We cannot fix ourselves. We cannot heal ourselves of the ‘incurable’ wound inflicted on us by our sins and trespasses. We cannot raise ourselves to life from the grave. All of this is of the salvation the LORD has accomplished on His Cross; and it is all impossible for us. But this we can do if we desire to be saved from death and its soul-chilling fingers; we can begin working to sell all our riches, that is, our vain perception of ourselves as though we were gods; and we can begin working to give all our goods, all that we are and have, to the poor, that is, to the LORD Jesus Christ who emptied Himself and became poor for us, even to the point of death on the cross, that He might become a partaker of us in our poverty, in our death. For if we give our riches to Christ and lose our life for His sake not just visibly in the Font, but invisibly in our soul, we unite our brokenness and our death to Him. And united to Him in His death, we become united to Him in His Resurrection.
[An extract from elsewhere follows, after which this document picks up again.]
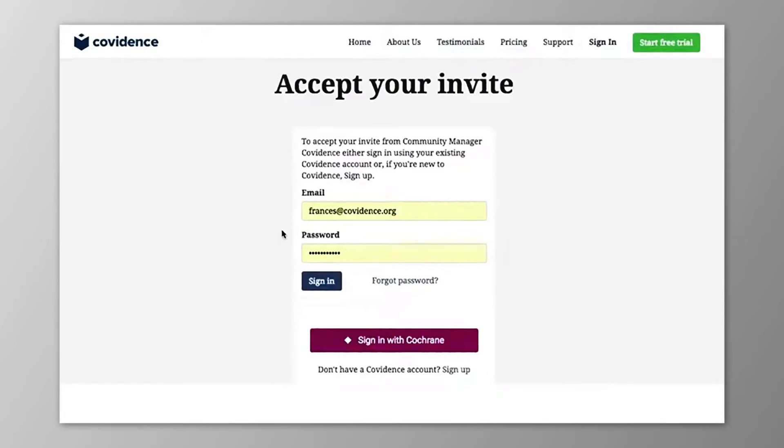Here you can sign in or sign up using any of your existing account's email addresses, or continue to sign in with Cochrane if you have previously done so.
It is this strange Jesus working in us, whom the world has not seen in any other ‘hero’ or in any other god, it is this strange Jesus who has the power to cast out the ruler of the power of the air that is working the disobedience of death in us. But only if we deny ourselves and seek to lose the riches of our self-deification and follow Him all the way into the tomb of our heart to put to death our self-deification, our religious, philosophical, political efforts to save ourselves and all those around us as though we were gods. That means becoming disciples, students, of Christ; and that means becoming students, disciples of the Church, for the Church is the Body of Christ, the fullness of Him who is all in all. That means shaping our minds in the biblical vision of the Church—so we must study the Bible in the Spirit of the Church, not in the spirit of the wisdom of our own opinions. We must be shaping our souls and minds in the prayers of the Church. Our world-view must be acquired from the lives of the saints, the teachings of the holy fathers. And above all, we must be bringing ourselves to the LORD by coming to and participating in—through listening, through praying, through receiving the Holy Sacraments—the mystery of this strange Jesus, the God-Man who is able to do what no other religion or philosophy or political ideology can do, who is able to do what is impossible to us: to save us, to cast out all the unclean spirits from us, to raise us from death to life, to make us temples of God, to make us mothers of God, to makes us His Sabbath Rest in whom He rests, and to fill us with His Glory. This, to follow the LORD as His disciples, is what we are doing when we take up our cross this Tuesday. Amen!